Denver-based Qwest Communications International Inc. has been mired in criminal and ethics allegations for years. It was accused of massive fraud by the government and later restated $3 billion in revenue. Former executives have been accused of wrongdoing — including Nacchio, who faces 42 counts of insider trading accusing him of illegally selling $101 million in company stock after privately learning Qwest might not meet its financial goals.

But it was apparently Nacchio who agreed with Qwest's attorneys that surrendering "call-detail records" to the NSA was wrong — putting him squarely on the side of the little guy.

AT&T Corp., Verizon Communications Inc., and BellSouth Corp. began sharing records of tens of millions of their customers' phone calls with the NSA shortly after the 2001 terror attacks, according to USA Today, which cited anonymous sources with direct knowledge of the program for a story Thursday.

The newspaper said Nacchio was "deeply troubled" by the implications of the request. Qwest spokesman Bob Toevs declined comment on the newspaper story.

The telecom companies would have had to balance the NSA request with Federal Communications Commission rules that bar unauthorized releases of customer information, said Bruce Henoch, a communications attorney with Shulman and Rogers in Rockville, Md.

"If you are a company that releases improperly, you open yourself up to lawsuits from customers, FCC filings," he said. "When people make phone calls and trust records to telecom companies, they trust they will be kept private unless there's a legal request to turn them over.

"The question turns on whether this is a legal request the companies should have complied with," Henoch said.

Sen. Ken Salazar, D-Colo., praised Qwest for its decision.

"I think that's what telephone companies ought to do," Salazar said. Sen. Wayne Allard, R-Colo., said he doesn't support domestic eavesdropping.

Qwest services some 14.5 million local phone lines in 14 mostly Western states. Qwest representatives declined comment Thursday on Nacchio's role and his attorney did not return a call.
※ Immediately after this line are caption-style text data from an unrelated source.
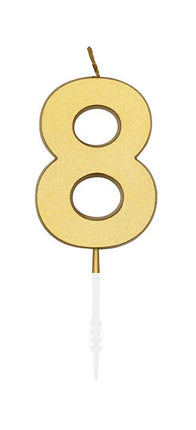WeFiesta Metallic gouden taartkaars cijfer 8 van 4,5 cm
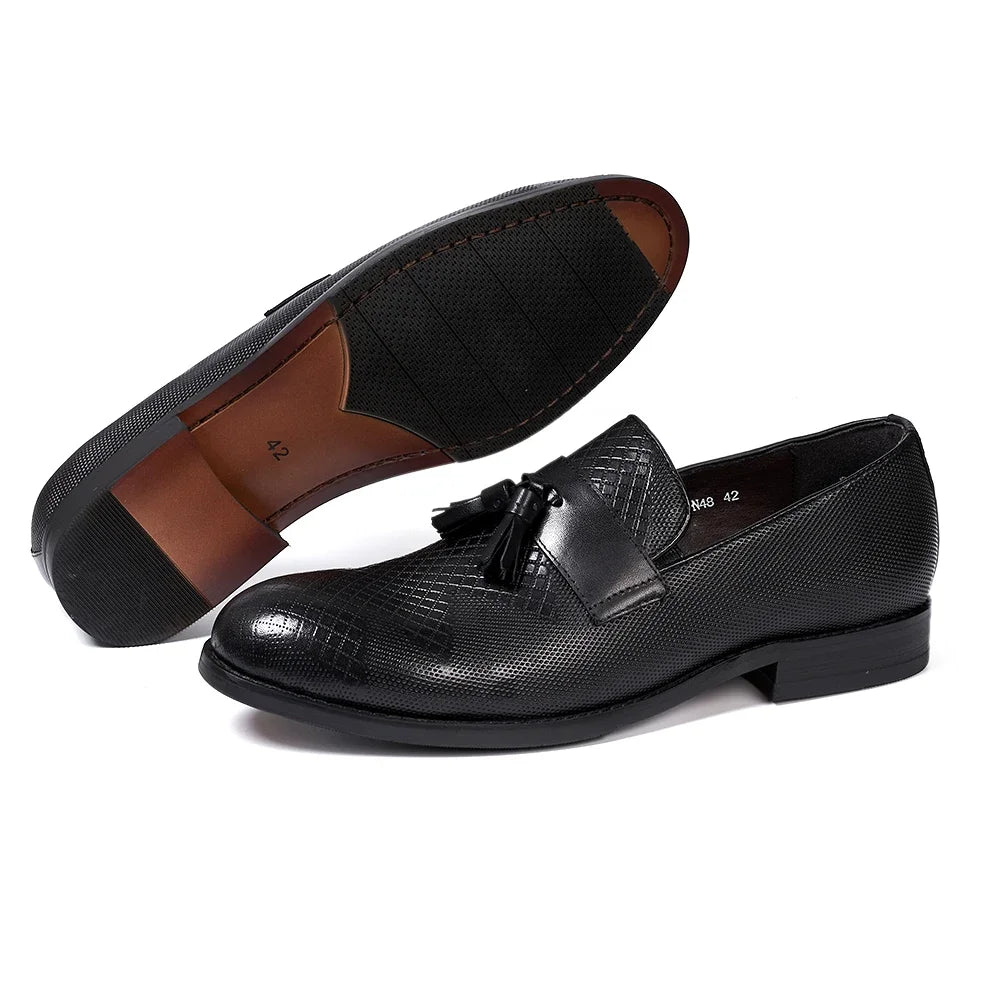 Boutique Premium Feel (for Exclusive Collection)
Italian Handmade Genuine Leather Tassel Loafers for Men – Luxury Slip-On Dress Shoes for Business, Weddings & Casual Elegance | HollandLuxeGlobal.com Exclusive
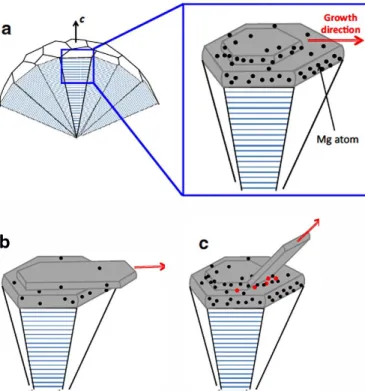 Fig. 10.  Schematic of spheroidal growth of graphite following a 2D nucleation  and growth model (a) where Mg atoms adsorb preferentially on the prismatic  planes [ 56] 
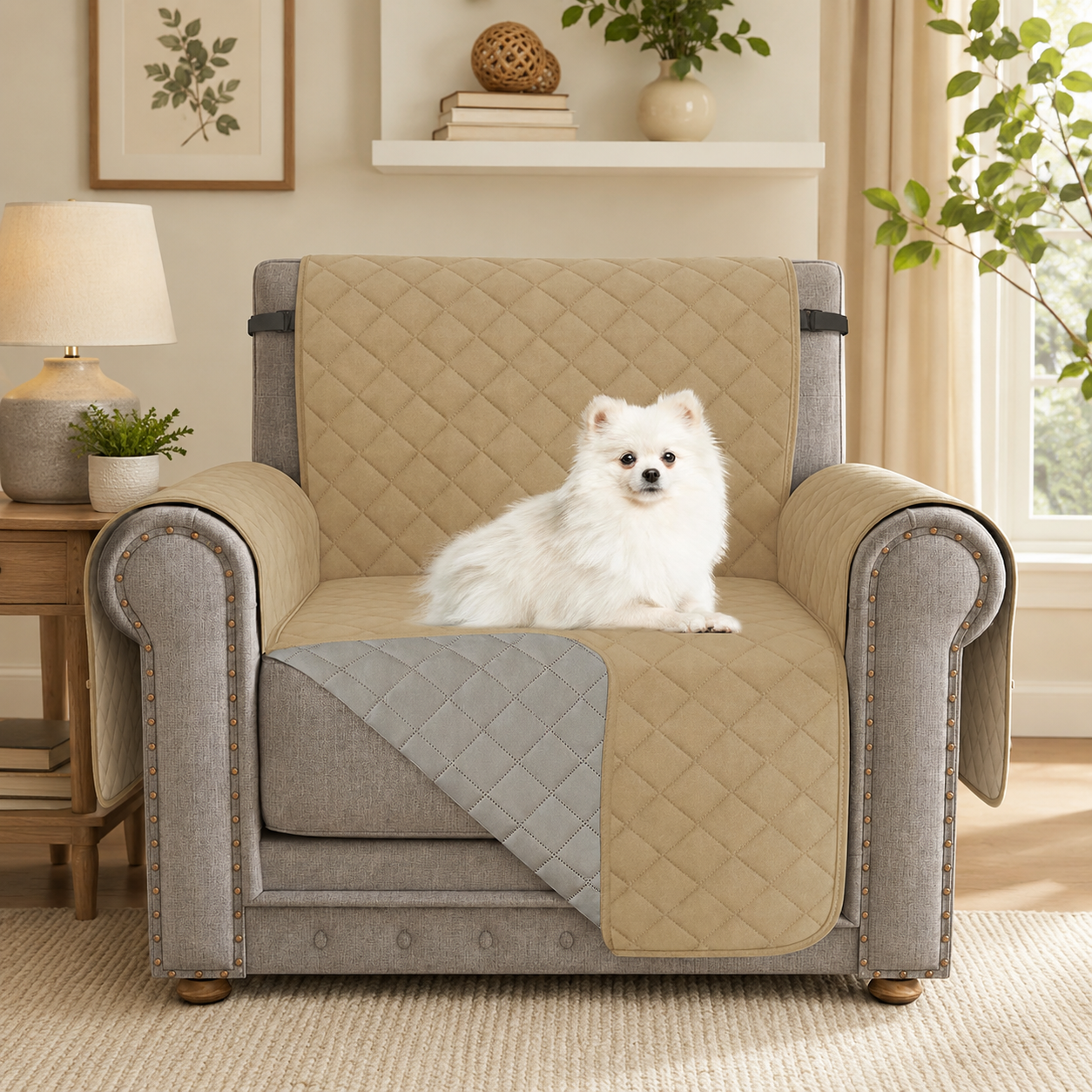 Quilted Slipcover Mat Armchair Couch Sofa Cover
A former AT&T executive, Nacchio was hired to head Qwest in 1997 when it was installing fiber-optic networks along railroad rights-of-way. He attracted Wall Street's attention after engineering Qwest's acquisition of U S West but resigned under pressure in June 2002, about eight months before Qwest restated revenue for 2000 and 2001.

"There is some inherent irony that Joe Nacchio was able to put a blockade in front of the government, but the NSA request is very different than the stock trading and financial statement issues that he confronted as Qwest CEO," said Jacob Frenkel, a former federal prosecutor and Securities and Exchange Commission enforcement lawyer.

According to USA Today, the NSA told Qwest that not sharing the phone records could compromise national security and affect its chances at landing classified contracts with the government — two issues that play a role in Nacchio's legal woes.

Nacchio's own attorneys have said they were unable to question him for months about classified information he may have, apparently a result of Qwest's government contracts.

Nacchio has argued that when he sold his stock, he believed Qwest was about to get a boost from secret government contracts.